Chattooga County comprises the Summerville, GA Micropolitan Statistical Area, which is included in the Rome-Summerville Combined Statistical Area.
Summerville is the site of the Chattooga County Courthouse. The county is home to several properties listed on the National Register of Historic Places listings in Chattooga County, Georgia.
Chattooga county is named for the Chattooga River, which flows through it. It was originally settled by the 'mound builder' culture. A few small mounds can be found throughout the Alpine and Menlo areas. Sometime in the pre-European settlement era, the county was settled by at first the Creek Native Americans and later the Cherokee Native Americans. The principal Cherokee towns in Chattooga were Rivertown (Trion) and Broomtown in Shinbone valley. With the onset of European settlers and after gold was discovered in northern Georgia, the federal government forcibly removed the Cherokees to Oklahoma from Chattooga county in the early 1830s in what has become known as "the Trail Of Tears." In this removal, thousands of Native Americans died from sickness, hunger and abuse. The land was then divided amongst white settlers in the Cherokee Land Lottery of 1832. The Lottery transformed Chattooga into a thriving agricultural area in the antebellum South with farms of varying size dotting the fertile landscape of the Chattooga Valley.

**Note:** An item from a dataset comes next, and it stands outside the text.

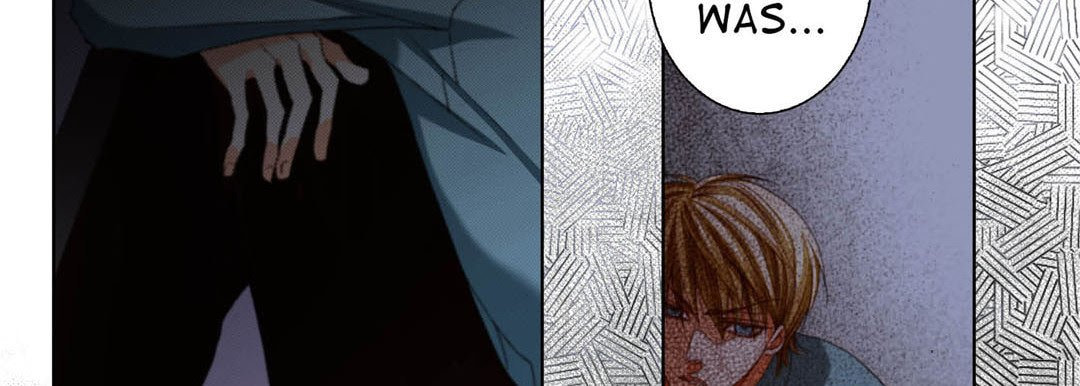 Totally Captivated Chapter 124 page 102 -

The coming of the American Civil War saw Chattoogans polarized into pro and anti-union camps. Confederate armies received five regiments from Chattooga. Several engagements were fought in the county prior to the battle of Chickamauga. General Nathan Bedford Forrest fought an engagement near Alpine with Federal cavalry resulting in the Federals being thrown back to the Chattanooga area. The largest single engagement in Chattooga was the "Battle of Trion Factory," fought on Sept. 15th, 1863 on present day First Street near the site of the East Trion Church of God. Confederate Infantry forces under the command of General Benjamin Hardin Helm and cavalry under the command of Gen. Joseph Wheeler defeated Union forces in a running battle that started somewhere near Summerville and ended in Trion. The front section of the Old Trion Cemetery on First Street contains the remains of fifty-five Union soldiers and seven Confederates killed in this action, but the graves are unmarked.